Tony Bingham discussed in Building magazine this week (see his article here) an otherwise unreported NEC3 case in which the High Court decided it was not procedurally unfair for a Responding Party to an adjudication to be expected to respond to a referral notice with 63 lever arch files of supporting evidence in 7 days.

Once my palpitations from the thought of responding to 63 lever arch files in a week had passed, I wondered what we could learn from this case:

  1. Most obviously, note that this could happen to you.  If you are caught up in a final account dispute, make sure you stay on top of all papers as they come in.  You will not necessarily have time once the adjudication has started to review the material. 
  2. Tony Bingham reports that the adjudicator refused the Responding Party's request for an extra two weeks because it would only have left him a day to produce his decision.  Presumably this means that the Referring Party refused to extend the adjudication timetable beyond 28 days.

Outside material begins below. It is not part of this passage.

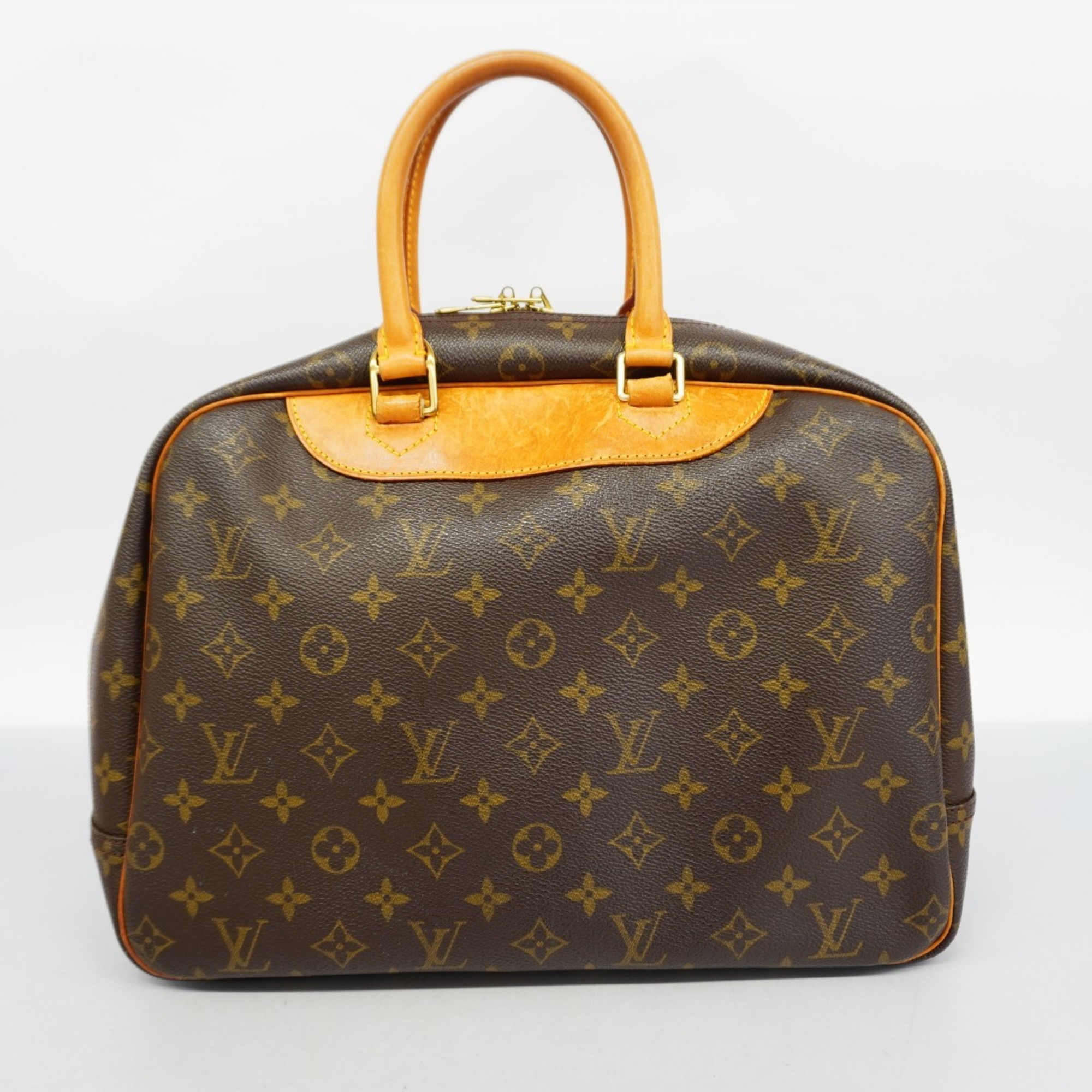 ルイ・ヴィトン(Louis Vuitton) ルイ・ヴィトン ハンドバッグ モノグラム ドーヴィル M47270 ブラウンレディース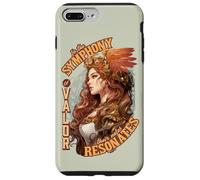 In the Symphony of Valor Art Nouveau Valkyrie Case for iPhone 7 Plus/8 Plus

In the short term, the Referring Party did well out of the tight timetable with the £3m awarded by the adjudicator added to its cashflow. However, it has already faced these enforcement proceedings in the High Court. Presumably there is every chance the Responding Party will bring fresh proceedings in the High Court to recover any overpayment. In the long run, it might be better to extend the adjudication timetable by a few weeks to avoid the costs and hassle of several trips to court.